(Refiles to fix headline)
* Markets need absence of bad news from Europe
* Bankers see pent-up demand for M&A, equity financing
* Bankers see opportunity in retreat of European lenders
* Resources still driving deals, but diversity growing
TORONTO, Dec 6 Low interest rates and readily available capital could unleash a flood of acquisitions and new issues in Canada next year, but only if there is calm in Europe and shaky markets get their confidence back, a panel of top investment bankers from the Bank of Montreal said on Tuesday.
"The absence of negative news out of Europe is what will allow us to get down to business," said William Butt, executive managing director in charge of global investment and corporate banking at the bank's capital markets arm.
"It doesn't have to be barn-burner growth in Europe, just a greater sense of calm ... an absence of bad news."
BMO (BMO.TO) has been one of the leading Canadian bank advisors on acquisitions of Canadian companies this year, including the roughly C$3 billion ($2.96 billion) takeover announced on Tuesday of Toronto-listed Quadra FNX Mining QUX.TO by Europe's No. 2 copper producer, KGHM KGHM.WA.
The BMO panel, which included directors Andre Hidi and Peter Myers, and Darryl White, deputy head of investment banking in Canada, said mining and oil and gas will drive activity in 2012, but not to the same extent as in the past.
"There is a lot of pent-up demand, there’s still lots of cash on balance sheets, there’s lots of interest, particularly in the resource sector ... so it could well be a strong year," Hidi said. Resources have accounted for as much as 60 percent of activity in past years, but the figure has slipped to between 30 and 40 percent this year, and bankers see a similar pattern in 2012.
Despite a commodity-price supercycle that has outlasted the expectations of many analysts, the bankers embraced diversification.

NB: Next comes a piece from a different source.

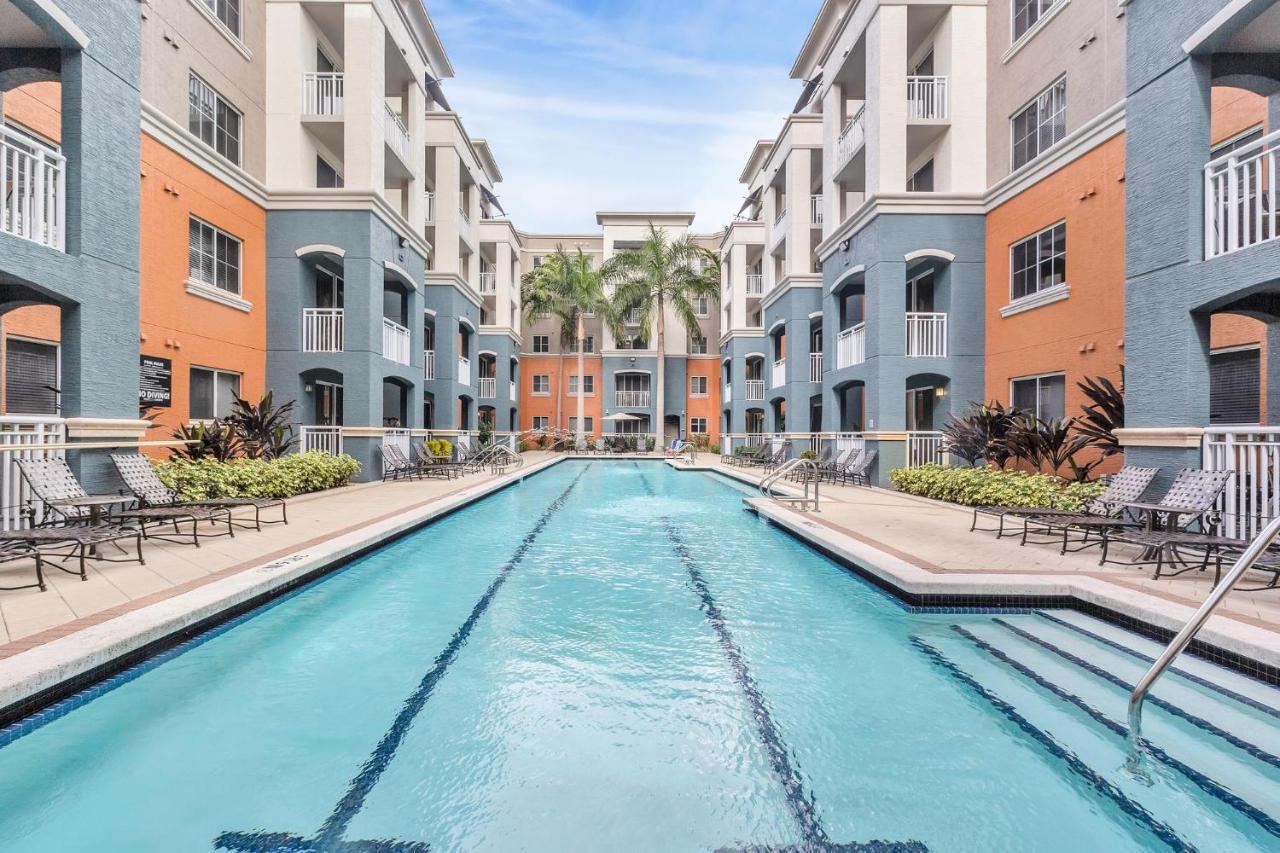 Dharma Home Suites South Miami At Red Road Commons Rum bild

"We are great believers in the supercycle and all that but it’s anybody’s guess just how long that will be for," Hidi said. "We'd like to make sure that if and when things slow down in resources, we have the right balance in our client relationships in our business to be able to weather that."
BMO is advising Canada's largest stock market operator, TMX Group (X.TO), on what is now a friendly C$3.8 billion attempt to take it over by the Maple Group consortium of Canadian financial services firms.

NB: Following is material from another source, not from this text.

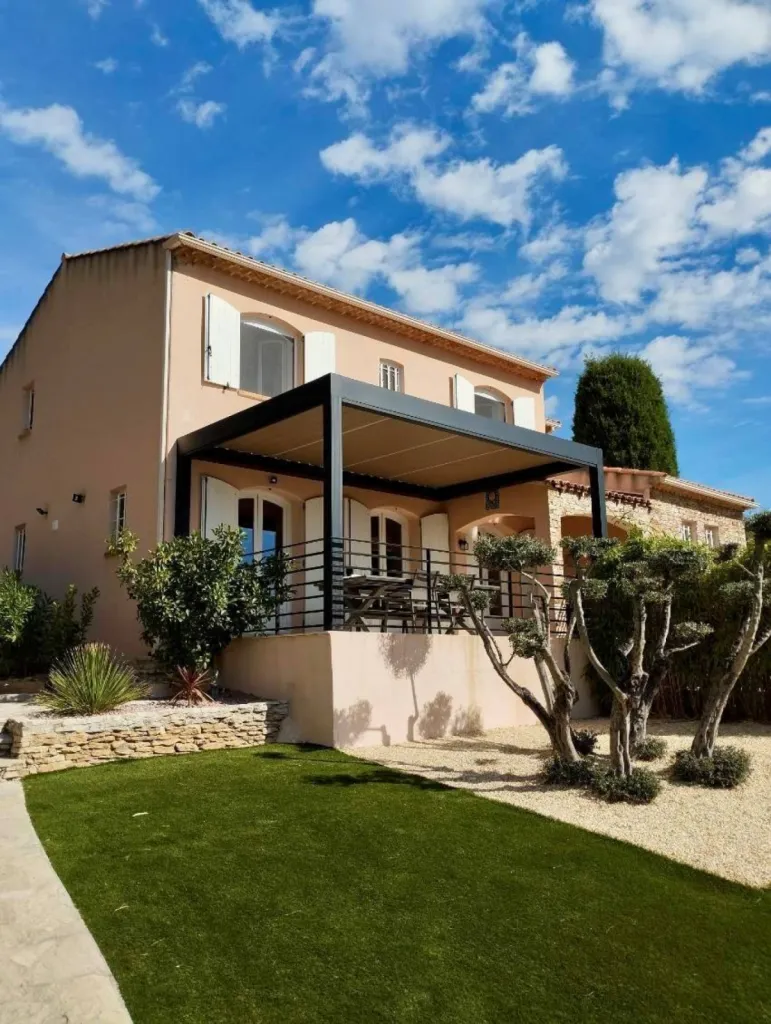 Pose de stores verticaux sur une pergola proche de La fare Les Oliviers (13)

It also advised on one of Canada's largest deals this year, the C$4.9 billion takeover of Consolidated Thompson in May by Cliffs Natural Resources (CLF.N).
EUROPEAN BANK PULL-BACK
The bankers were also eyeing a pullback from lending deals by embattled European banks in certain sectors and regions, but preferred not to cite specific examples.
"It is not happening in a wholesale way, but we’re seeing examples in the natural resources sector, without being too specific, where we have been asked or invited to replace other non-North American institutions in corporate lending deals for healthy, strongly performing companies," Butt said.

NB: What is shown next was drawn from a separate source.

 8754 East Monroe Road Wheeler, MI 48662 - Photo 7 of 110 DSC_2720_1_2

They said some opportunities may come in the United States, where half of BMO's capital markets staff is now located after a recent expansion effort.
"All of that is happening at the same time that competitors are exiting or having difficulties, and that is a great opportunity for us to acquire clients, acquire people, acquire businesses. We aren’t sure how it will manifest itself.”
Canada deputy head White said equity capital markets could also benefit from pent-up demand, especially in bought deal financings, or secondary stock offerings that allow companies greater agility to take advantage of financing windows.
Under the bought deal, companies can raise capital from a group of investors at a set price, eliminating the financing risk in exchange for a slight discount to the market.
White said the outlook for initial public offerings is "reasonable" across several sectors, with most in the C$50 million to C$300 million range.
The panel was reluctant to speculate on when confidence will return to markets even as the European Central Bank pressed euro zone governments to adopt tougher fiscal rules and signaled it is ready to take stronger action to fight the debt crisis if politicians agree to tighter budget controls.
"Everything seems to be accelerating," Myers said. "We seem to be getting faster to whatever endpoint resolution is out there."